A frase que intitula este artigo é uma formulação consagrada do pensamento de Bertolt Brecht, extraída do alerta final de A resistível ascensão de Arturo Ui (1941): “o ventre que gerou a besta ainda é fértil”. Na tradição política e cultural do século XX, sobretudo na Europa e na América Latina, a imagem foi vertida de modo mais cru e direto – “a cadela do fascismo está sempre no cio” – para sublinhar uma verdade incômoda: o fascismo não é um desvio histórico encerrado em 1945, mas uma possibilidade permanente, sempre pronta a reaparecer quando as condições sociais, econômicas e políticas o favorecem.
Vivemos hoje uma dessas quadras históricas. A crise estrutural da democracia liberal – incapaz de responder às angústias materiais e simbólicas das maiorias – abriu espaço para soluções autoritárias travestidas de moralidade, ordem e eficiência. O neoliberalismo, ao precarizar o trabalho, desmontar políticas sociais e reduzir o Estado à lógica do mercado, produz frustração, ressentimento e medo.

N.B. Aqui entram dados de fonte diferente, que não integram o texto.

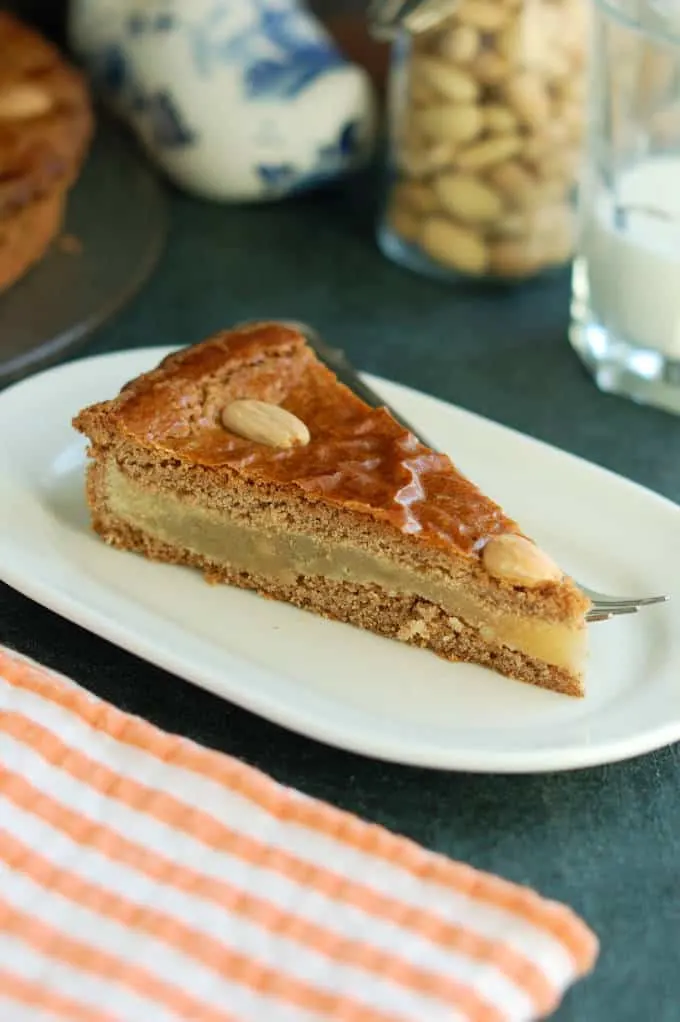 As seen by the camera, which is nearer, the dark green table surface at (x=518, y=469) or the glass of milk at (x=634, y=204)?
the dark green table surface at (x=518, y=469)

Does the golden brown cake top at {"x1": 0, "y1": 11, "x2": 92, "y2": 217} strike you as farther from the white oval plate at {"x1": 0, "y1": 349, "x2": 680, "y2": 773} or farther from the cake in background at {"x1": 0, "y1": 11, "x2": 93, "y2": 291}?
the white oval plate at {"x1": 0, "y1": 349, "x2": 680, "y2": 773}

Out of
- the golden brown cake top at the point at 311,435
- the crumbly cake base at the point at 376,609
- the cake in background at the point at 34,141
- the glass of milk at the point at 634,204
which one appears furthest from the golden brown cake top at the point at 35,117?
the glass of milk at the point at 634,204

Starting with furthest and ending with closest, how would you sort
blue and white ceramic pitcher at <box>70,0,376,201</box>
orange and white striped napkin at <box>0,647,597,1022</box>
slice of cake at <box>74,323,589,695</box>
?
blue and white ceramic pitcher at <box>70,0,376,201</box> < slice of cake at <box>74,323,589,695</box> < orange and white striped napkin at <box>0,647,597,1022</box>

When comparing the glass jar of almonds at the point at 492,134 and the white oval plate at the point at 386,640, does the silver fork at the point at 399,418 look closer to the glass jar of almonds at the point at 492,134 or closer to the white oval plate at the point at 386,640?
the white oval plate at the point at 386,640

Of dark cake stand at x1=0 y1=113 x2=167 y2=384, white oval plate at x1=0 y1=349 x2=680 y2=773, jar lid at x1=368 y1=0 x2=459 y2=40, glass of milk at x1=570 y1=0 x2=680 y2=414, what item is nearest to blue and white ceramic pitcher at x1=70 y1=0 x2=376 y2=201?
dark cake stand at x1=0 y1=113 x2=167 y2=384

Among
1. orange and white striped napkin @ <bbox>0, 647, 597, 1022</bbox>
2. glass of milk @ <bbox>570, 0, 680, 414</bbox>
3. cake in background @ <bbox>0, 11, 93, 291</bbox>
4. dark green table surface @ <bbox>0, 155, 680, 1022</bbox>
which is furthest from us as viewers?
cake in background @ <bbox>0, 11, 93, 291</bbox>

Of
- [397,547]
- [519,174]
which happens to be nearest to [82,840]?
[397,547]

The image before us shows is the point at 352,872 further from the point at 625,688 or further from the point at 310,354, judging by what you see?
the point at 310,354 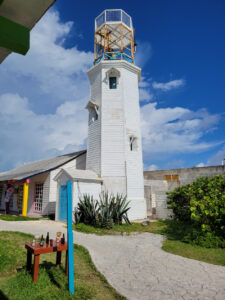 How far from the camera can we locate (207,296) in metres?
3.20

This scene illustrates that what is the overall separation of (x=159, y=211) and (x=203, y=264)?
7911mm

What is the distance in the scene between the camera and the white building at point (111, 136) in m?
11.9

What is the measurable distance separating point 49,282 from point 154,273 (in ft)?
6.91

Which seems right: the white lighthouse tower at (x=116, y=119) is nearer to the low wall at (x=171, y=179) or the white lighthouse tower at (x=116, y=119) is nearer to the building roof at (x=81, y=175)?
the building roof at (x=81, y=175)

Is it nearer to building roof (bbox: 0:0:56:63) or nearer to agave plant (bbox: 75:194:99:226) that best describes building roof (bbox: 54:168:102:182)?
agave plant (bbox: 75:194:99:226)

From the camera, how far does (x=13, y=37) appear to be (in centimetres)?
153

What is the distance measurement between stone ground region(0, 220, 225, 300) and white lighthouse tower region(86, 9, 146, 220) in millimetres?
5977

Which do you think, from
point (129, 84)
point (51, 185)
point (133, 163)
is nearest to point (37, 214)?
point (51, 185)

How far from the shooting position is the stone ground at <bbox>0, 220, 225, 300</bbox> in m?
3.29

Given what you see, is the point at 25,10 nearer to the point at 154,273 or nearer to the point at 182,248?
the point at 154,273

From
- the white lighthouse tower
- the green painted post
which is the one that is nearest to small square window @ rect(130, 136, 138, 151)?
the white lighthouse tower

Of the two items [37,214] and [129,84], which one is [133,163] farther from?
[37,214]

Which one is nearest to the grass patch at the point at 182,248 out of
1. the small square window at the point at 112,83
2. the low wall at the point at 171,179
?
the low wall at the point at 171,179

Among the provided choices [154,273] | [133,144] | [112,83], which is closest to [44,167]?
[133,144] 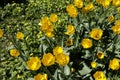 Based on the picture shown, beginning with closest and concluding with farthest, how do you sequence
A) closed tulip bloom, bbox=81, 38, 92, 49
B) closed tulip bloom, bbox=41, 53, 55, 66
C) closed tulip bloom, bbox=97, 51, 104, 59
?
closed tulip bloom, bbox=41, 53, 55, 66, closed tulip bloom, bbox=81, 38, 92, 49, closed tulip bloom, bbox=97, 51, 104, 59

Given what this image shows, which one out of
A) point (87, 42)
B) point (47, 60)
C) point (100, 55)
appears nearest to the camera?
point (47, 60)

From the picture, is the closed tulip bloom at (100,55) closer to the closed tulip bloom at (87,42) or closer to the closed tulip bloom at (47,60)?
the closed tulip bloom at (87,42)

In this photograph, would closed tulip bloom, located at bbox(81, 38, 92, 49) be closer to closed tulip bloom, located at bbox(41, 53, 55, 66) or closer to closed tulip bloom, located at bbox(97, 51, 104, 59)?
closed tulip bloom, located at bbox(97, 51, 104, 59)

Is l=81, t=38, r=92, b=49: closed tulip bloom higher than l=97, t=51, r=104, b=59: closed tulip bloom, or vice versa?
l=81, t=38, r=92, b=49: closed tulip bloom

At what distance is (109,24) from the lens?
4.67 meters

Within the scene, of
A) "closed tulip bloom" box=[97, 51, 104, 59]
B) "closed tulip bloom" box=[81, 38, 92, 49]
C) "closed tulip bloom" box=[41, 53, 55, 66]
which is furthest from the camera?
"closed tulip bloom" box=[97, 51, 104, 59]

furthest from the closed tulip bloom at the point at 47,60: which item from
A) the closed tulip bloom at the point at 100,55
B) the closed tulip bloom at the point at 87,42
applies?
the closed tulip bloom at the point at 100,55

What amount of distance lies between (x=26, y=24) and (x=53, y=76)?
214cm

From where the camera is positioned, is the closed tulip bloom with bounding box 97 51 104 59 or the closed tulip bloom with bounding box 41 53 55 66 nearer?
the closed tulip bloom with bounding box 41 53 55 66

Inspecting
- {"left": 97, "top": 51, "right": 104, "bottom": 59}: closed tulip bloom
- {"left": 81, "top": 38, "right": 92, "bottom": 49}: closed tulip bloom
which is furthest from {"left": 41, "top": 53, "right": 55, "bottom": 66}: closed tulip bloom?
{"left": 97, "top": 51, "right": 104, "bottom": 59}: closed tulip bloom

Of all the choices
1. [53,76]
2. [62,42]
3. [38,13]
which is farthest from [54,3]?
[53,76]

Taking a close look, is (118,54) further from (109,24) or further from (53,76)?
(53,76)

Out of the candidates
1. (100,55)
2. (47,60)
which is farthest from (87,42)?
(47,60)

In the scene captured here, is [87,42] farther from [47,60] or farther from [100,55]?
[47,60] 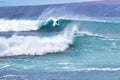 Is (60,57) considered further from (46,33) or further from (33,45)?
(46,33)

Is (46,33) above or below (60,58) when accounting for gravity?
below

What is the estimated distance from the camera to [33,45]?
22812 mm

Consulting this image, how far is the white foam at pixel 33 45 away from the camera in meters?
21.5

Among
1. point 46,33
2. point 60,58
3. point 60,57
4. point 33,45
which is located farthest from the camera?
point 46,33

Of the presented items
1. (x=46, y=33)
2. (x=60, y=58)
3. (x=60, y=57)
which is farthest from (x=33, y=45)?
(x=46, y=33)

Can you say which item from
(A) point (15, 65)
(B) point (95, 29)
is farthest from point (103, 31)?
(A) point (15, 65)

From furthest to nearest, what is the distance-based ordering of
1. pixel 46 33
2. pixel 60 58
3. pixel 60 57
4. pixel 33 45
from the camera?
pixel 46 33, pixel 33 45, pixel 60 57, pixel 60 58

Como lembra Renato Janine Ribeiro, a direita neoliberal, ao rejeitar a justiça social e a tributação redistributiva, cria o terreno fértil no qual a extrema-direita prospera, funcionando como seu braço sujo, aquilo que faz o trabalho que a direita “respeitável” não quer assumir explicitamente.
Esse fenômeno não é abstrato nem distante. Ele tem nomes, rostos e fatos concretos. No Brasil, o bolsonarismo – com Jair Bolsonaro, seus filhos e uma constelação de parlamentares como Nikolas Ferreira – normalizou o elogio à ditadura, a deslegitimação das eleições, o ataque às instituições e o flerte aberto com a violência política. Os atos golpistas de 8 de janeiro de 2023, precedidos por acampamentos e financiamentos empresariais, não foram “excessos”, mas a expressão lógica de uma cultura política que despreza a democracia quando ela contraria seus interesses.
No plano internacional, o quadro é igualmente alarmante. Donald Trump, nos Estados Unidos, não apenas atacou sistematicamente a imprensa, o Judiciário e o processo eleitoral, como estimulou políticas de perseguição a imigrantes, negros e minorias, legitimando a violência policial e a mentira como método. Como analisou o psicanalista Justin Frank, trata-se de uma liderança que mobiliza feridas narcísicas coletivas, criando uma identificação emocional entre líder e seguidores baseada no ressentimento, na negação da realidade e na construção de inimigos internos.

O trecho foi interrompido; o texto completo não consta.